Chainalysis, Inc.
- Industry: Blockchain analysis
- Founded: 2014; 12 years ago
- Founders: Michael Gronager Jan Møller Jonathan Levin
- Headquarters: 114 Fifth Avenue. New York City, New York, United States
- Area served: Worldwide
- Key people: Jonathan Levin, CEO
- Number of employees: 900 (2023)
- Website: www.chainalysis.com

= Chainalysis =

American blockchain analysis company

Chainalysis is an American blockchain analysis firm headquartered in New York City. The company was co-founded by Michael Gronager, Jan Møller and Jonathan Levin in 2014, and is the first start-up company dedicated to the business of Bitcoin tracing. It offers compliance and investigation software to analyze the blockchain public ledger, which is primarily used to track virtual currencies. Along with banks and brokers its customers have included the United States Federal Bureau of Investigation, Drug Enforcement Administration, and the Internal Revenue Service Criminal Investigation, as well as the United Kingdom's National Crime Agency.

==History==
Chainalysis was formed to be the official investigator of the hack of cryptocurrency exchange Mt. Gox when Gronager was the COO of Kraken, which was then employed by the bankruptcy trustee for Mt. Gox to investigate the hack. The company was co-founded by Michael Gronager, Jan Møller and Jonathan Levin in 2014.

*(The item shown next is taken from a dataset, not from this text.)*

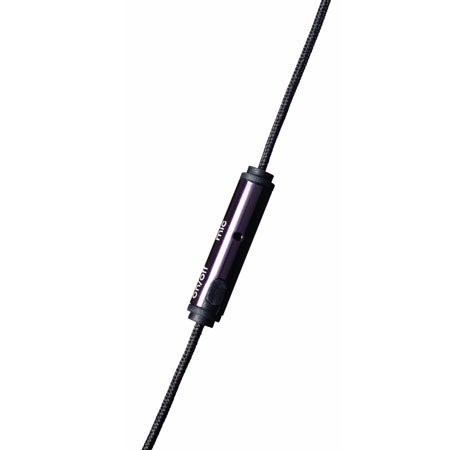 Motorheadphones Overkill In Ear Professional Earphones, Black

The company developed proprietary financial crime investigation software which monitors cryptocurrency's public ledger, forming the first full view of transactions on the blockchain.

In March 2021, it partnered with crypto compliance company Notabene to comply with the FATF's Travel Rule across jurisdictions. American business publication Fast Company referred to this partnership one of the top 10 most innovative joint ventures of 2022.

In May 2024, Chainalysis moved its regional headquarters for the Southern Europe, Middle East, Central Asia, and Africa regions to Dubai.

==Noted investigations==
Chainalysis has helped law enforcement recover cryptocurrencies from illegal enterprises, including, in 2020, assisting law enforcement to recover over $1 billion from the take-down of the dark web marketplace Silk Road. In October 2019, the company helped the United States Department of Justice shut down the world's then-largest child abuse website. Chainalysis also aided in the attribution of seven 2021 cryptocurrency thefts to the North Korean Lazarus Group.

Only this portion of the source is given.